You are not logged in. Please login at www.codechef.com to post your questions!

×

TANDEM - Editorial

PROBLEM LINK:

Contest
Practice

Author: Ke Bi
Tester: Kevin Atienza
Translators: Vasya Antoniuk (Russian), Team VNOI (Vietnamese) and Hu Zecong (Mandarin)
Editorialist: Kevin Atienza
Contest Admin: Praveen Dhinwa

DIFFICULTY:

Medium-Hard

PREREQUISITES:

Suffix array, longest common prefix, string hashing, range minimum query, segment tree

PROBLEM:

A tandem is a nonempty string repeated thrice, i.e., a string of the form $AAA$ for a nonempty string $A$. A tandem is interesting if the character following each instance of $A$ are not all the same, otherwise it is boring. Given a string $s$ of length $N$, how many interesting and boring tandems does $s$ have?

QUICK EXPLANATION:

We enumerate interesting and boring tandems per length of $A$. Let's say $|A| = L$. Thus, the length of the tandem is $3L$. Fix this $L$.

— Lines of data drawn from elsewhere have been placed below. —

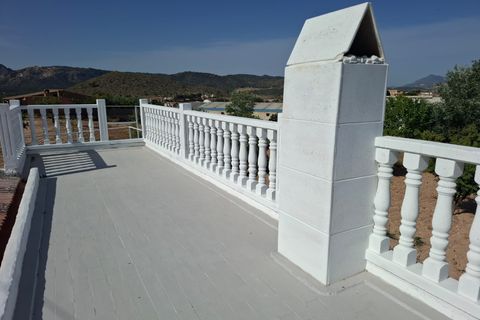 Cortijo i Alguena, Alicante, Alguena - € 125.000 | Ref: IZ-687 - foto 22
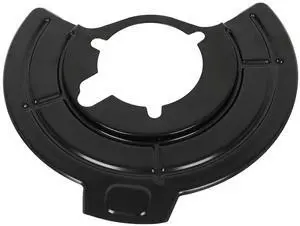 68043287AB Brake Dust Shield 1PC Front Left Compatible for Jeep for Wrangler 2007-2017 68043287AB Brake Dust Shield 1PC Front Left Compatible for Jeep for Wrangler 2007-2017
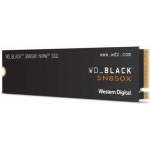 Western Digital Black SN850X W/o Heatsink SSD 1TB M.2 NVMe PCI Express 4.0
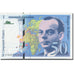 Francia, 50 Francs, St Exupéry, 1997, FDS, Fayette:73.04, KM:157Ad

Consider the positions $0, L, 2L, 3L, \ldots$. A tandem of length $3L$ will cover exactly three such positions. So we count boring and interesting tandems per three positions $i$, $j$, $k$ with $(i,j,k) = (i,i+L,i+2L)$.

  • Let $LCP(i,j,k)$ be the length of the longest common prefix of $s[i\ldots N-1]$, $s[j\ldots N-1]$ and $s[k\ldots N-1]$.
  • Let $LCS(i,j,k)$ be the length of the longest common suffix of $s[0\ldots i]$, $s[0\ldots j]$ and $s[0\ldots k]$.

Let $V = \min(LCP(i,j,k),L) + \min(LCS(i,j,k),L) - 1$. Then:

  • If $V < L$, then there are no tandems.
  • If $V \ge L$ and $LCP(i,j,k) > L$, then there are $V-L+1$ boring tandems and $0$ interesting tandems.
  • If $V \ge L$ and $LCP(i,j,k) \le L$, then there are $V-L$ boring tandems and $1$ interesting tandem.

The answers are the sums of all these contributions across all $L$s and across all $(i,j,k)$s.

EXPLANATION:

We will use the notation $s_{i, j}$ to denote the substring from $s_i$ to $s_j$. Thus, $|s_{i,j}| = j-i+1$.

Faster than $O(N^3)$

The obvious $O(N^3)$ brute-force algorithm here doesn't pass, because $N$ is very large. (And actually, even $O(N^2)$ shouldn't pass.) So let's try to improve on $O(N^3)$. Here we'll try to show a solution that will lead to the intended one.

Let's enumerate the tandems according to the length of $A$. Suppose $|A| = L$, so the tandem $AAA$ has length $3L$. For now, let's fix this $L$ and then count all boring and interesting tandems of length $3L$. Ideally our solution will be fast enough so we can do this for each $L \in [1,N/3]$.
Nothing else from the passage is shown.